I grew up on a commercial orchard, most trees were puched out when I was young, but we had a small personal orchard as well. I always had access to tree ripened fruit as a matter of course. I was utterly shocked when I moved out of home and people expected me to pay top dollar for items that have been picked totally green and "ripened" with ethylene. Now I can understand why people got so excited when we gave them a full box of properly ripe peaches etc.


----------



## Fatgodzilla (20/4/09)

Bizier said:


> I grew up on a commercial orchard, most trees were puched out when I was young, but we had a small personal orchard as well. I always had access to tree ripened fruit as a matter of course. I was utterly shocked when I moved out of home and people expected me to pay top dollar for items that have been picked totally green and "ripened" with ethylene. Now I can understand why people got so excited when we gave them a full box of properly ripe peaches etc.




:icon_offtopic: 
No wonder you have such a fascination with fruit beers - it's in your blood !

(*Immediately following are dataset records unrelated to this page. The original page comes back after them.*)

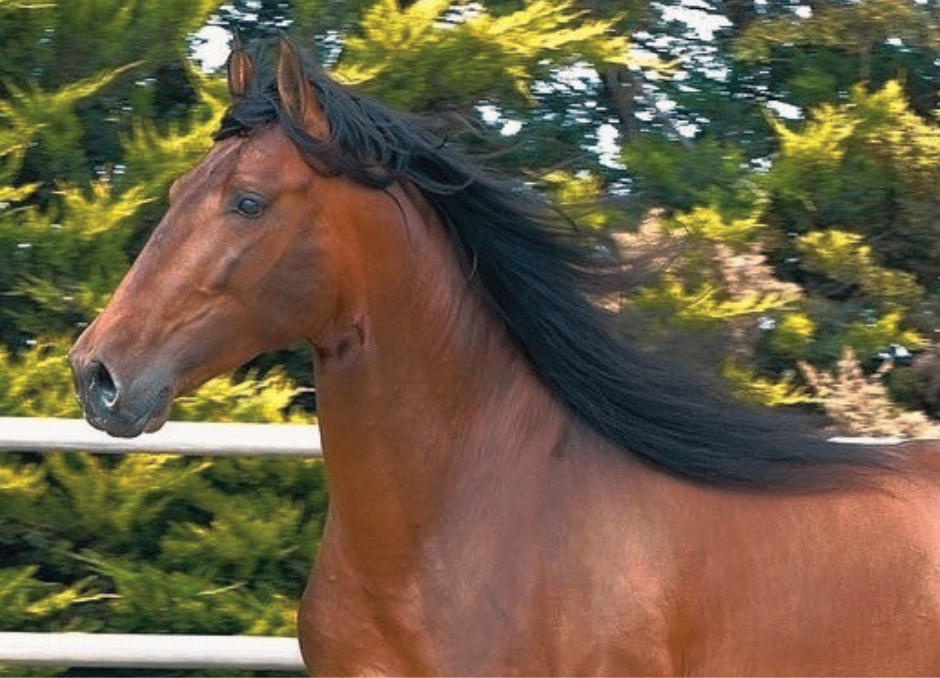 Introductie tot paarden en de basis van het paardrijden Dolenjska - Slovenië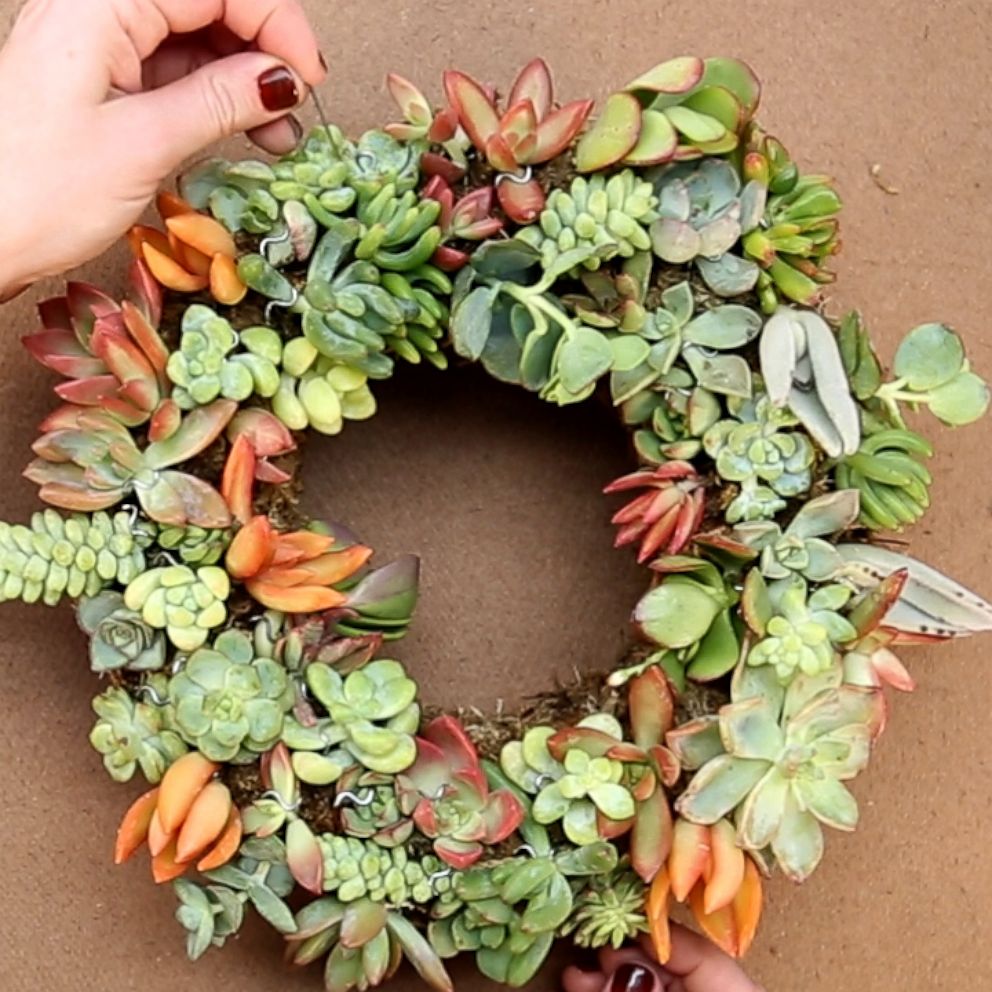 VIDEO: This DIY succulent wreath is major holiday decor goals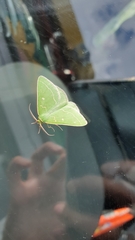 Thetidia smaragdaria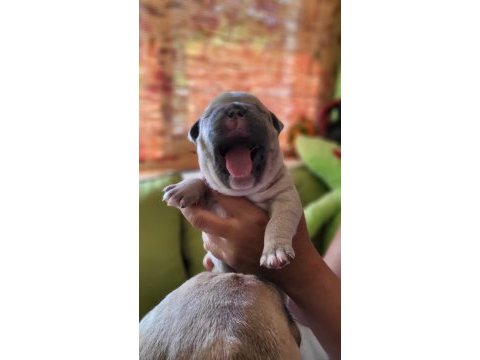Yavru french bulldog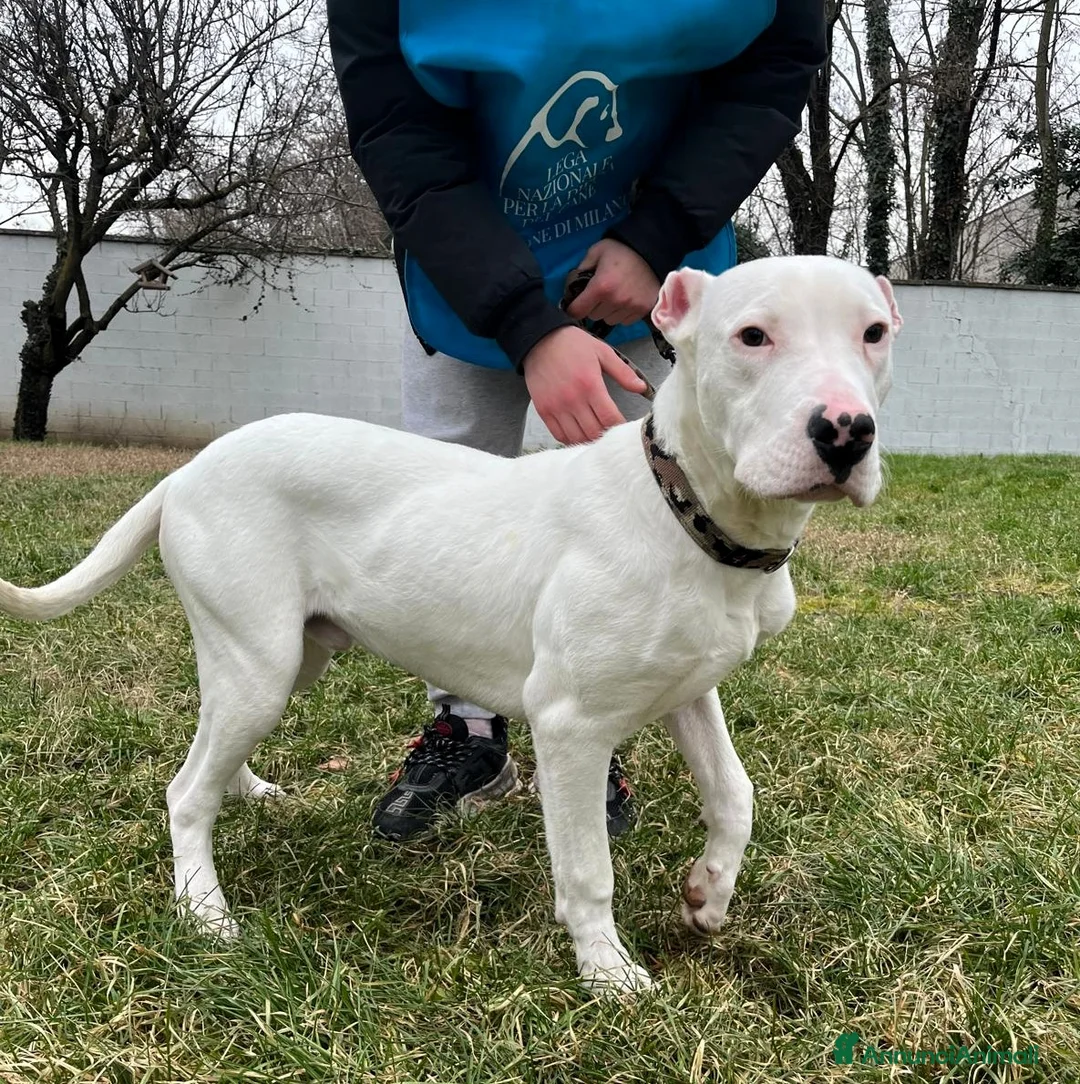 Dogo Argentino cani in regalo: ALBINO DOGO ARGENTINO - Annuncio 1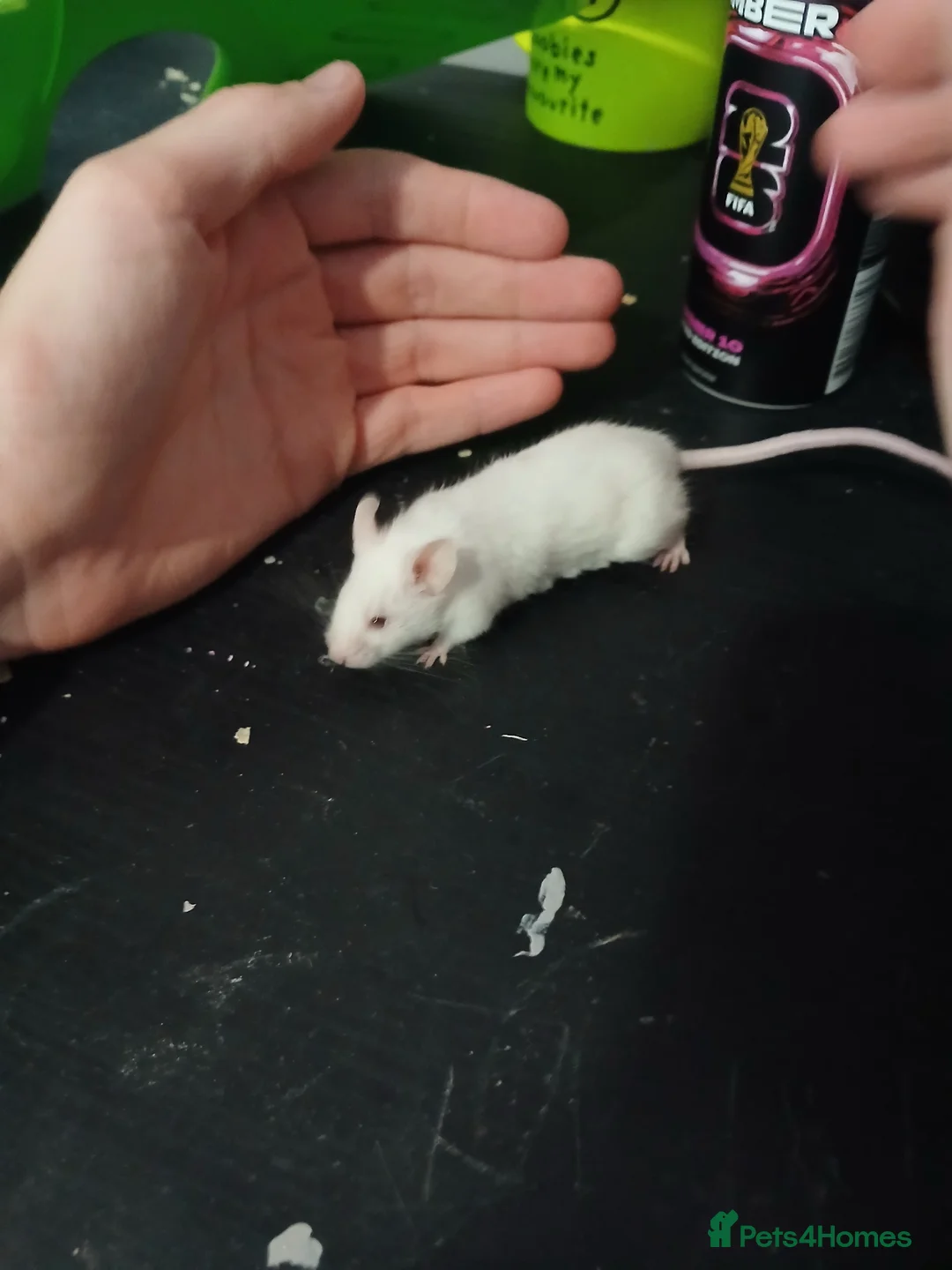 Mouse rodents for sale: Male albino mouse and cage  - Advert 3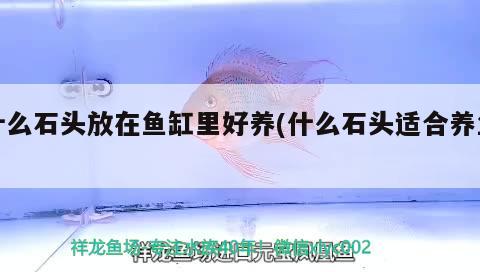 什么石頭放在魚缸里好養(yǎng)(什么石頭適合養(yǎng)魚)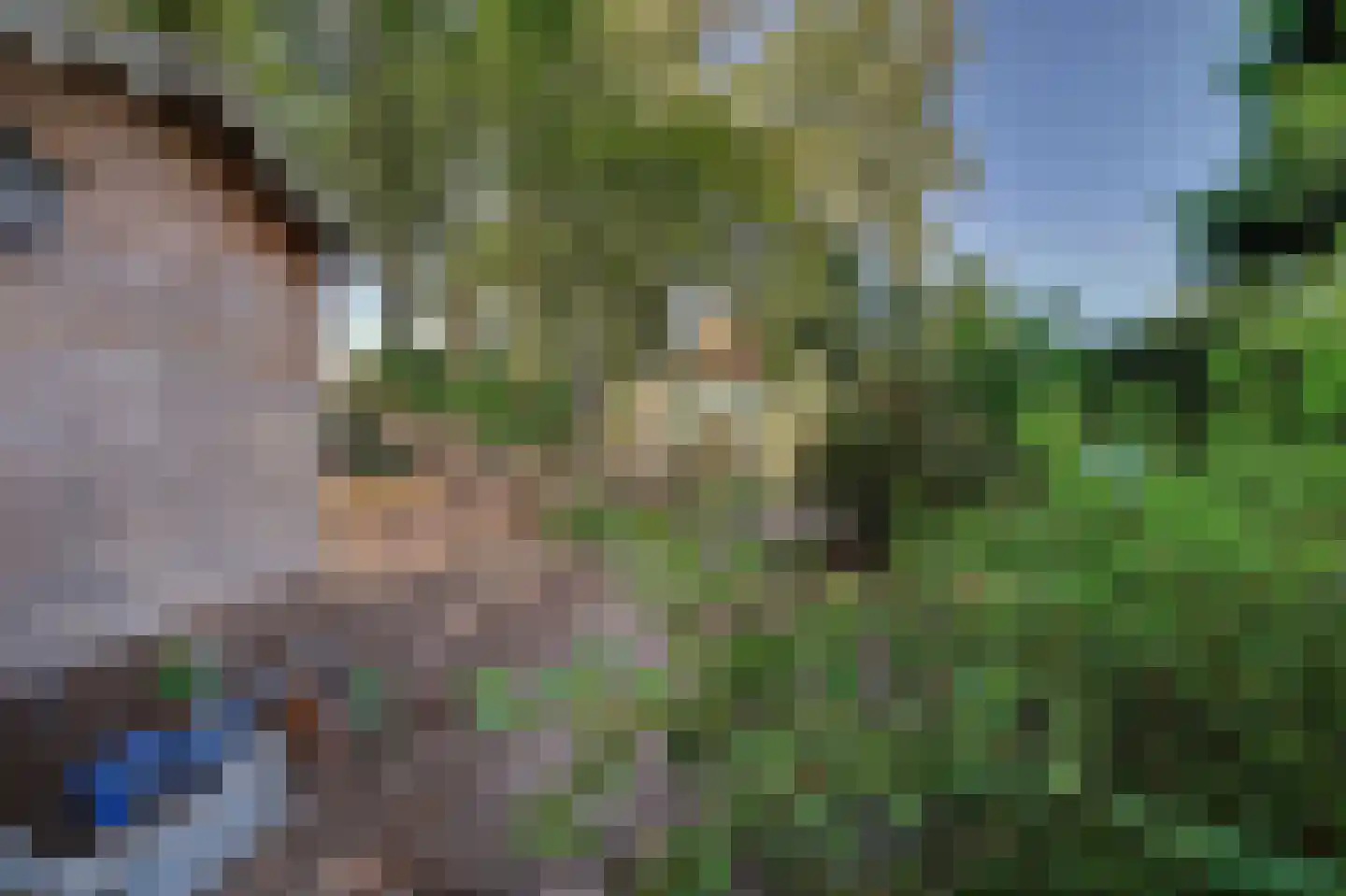 Molensteeg 17 A Drunen thumbnail 51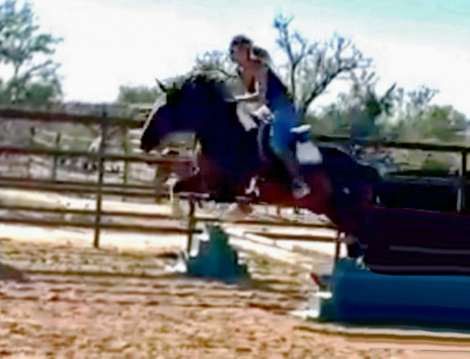HorseID: 2247450 Chevy - PhotoID: 1033509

Bay leaf wine ................nah ! Sounds :icon_vomit:


----------



## Bizier (20/4/09)

Fatgodzilla said:


> Bay leaf wine ................nah ! Sounds :icon_vomit:



No, I think it would put the wine into the ballpark of a more sophisticated retsina or something, I like the idea.


----------



## Airgead (20/4/09)

Now that does sound interesting. I'm thinking a few bay leaves infused into a mead would make a rather tasty brew. I might give that a go.

The one thing that strikes me about the recipe is the number of racking. I would usually rack twice or at most three times if I'm adding fruit to the secondary. Most often I'll only rack once. I suspect he gets away with it by adding the campden each time (antioxidant) As I can't use campden (SWMBO is allergic to the residual sulphur) that would end up oxidising the wine to to point of undrinkability.

Cheers
Dave


----------